I love it when ideas that have been rolling around in my brain click together and for something wonderful. Or something new. It's the same feeling I get when I'm programming, or troubleshooting, or (in this case) designing: pure rush as things make sense.
It's easly Sunday morning and and I'm going through The Routine. Computer on, browser open, check e-mail, delete spam, open Google Reader, browse my feeds. Except there's an email I sent myself on Wednesday, a reminder of something I stumbled across, that's been burning a hole in my brain. I wanted to share it -- that's why I sent it to myself -- only I didn't know how. I do now, and it gave me an even greater idea.

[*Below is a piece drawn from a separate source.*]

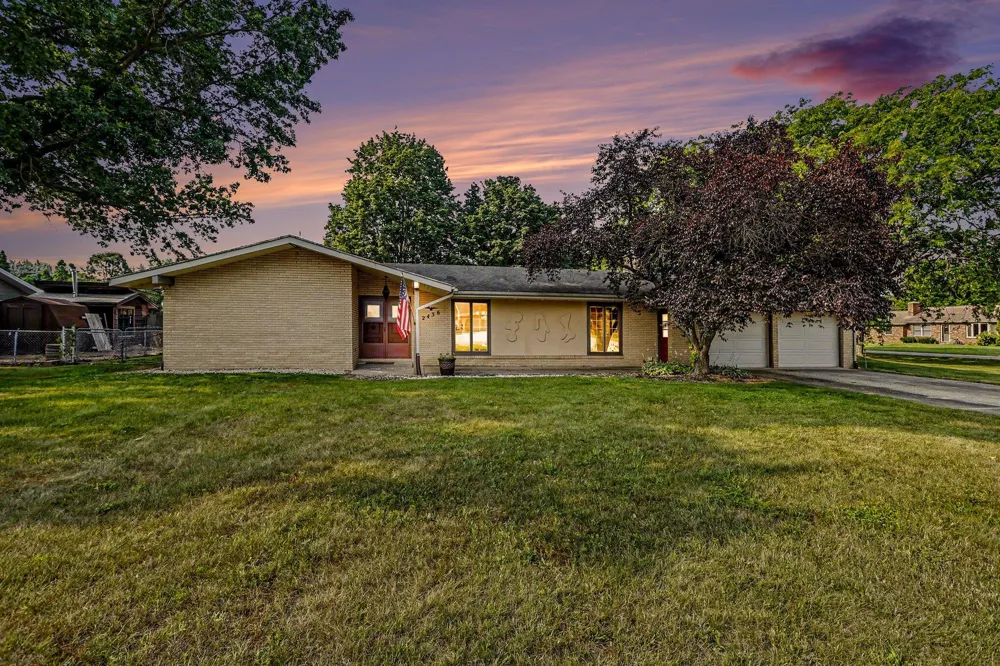 2436 Fountain Lane Stevensville, MI 49127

I suppose it really starts back on May 12 at 14:28 China Standard Time, when one of the largest earthquakes of our recent time, measuring 8.0 in magnitude, hit the Sichuan province of China [wiki]. Deaths total over 69,000. Rescue efforts lasted unending days and interminable nights, bringing in support from a global community. They are still recovering, and probably will be for some time.
Skip to last week. I had heard of the quake, sure. After all, it had been in the news. Reports of destruction, rising death counts, facts and figures. I ignored them. Just another quake, in a far off land. Just another disaster on the other side of the world. The news gives us a tremendous amount of information every day, but it is not their responsibility to make us relate to it. So I didn't.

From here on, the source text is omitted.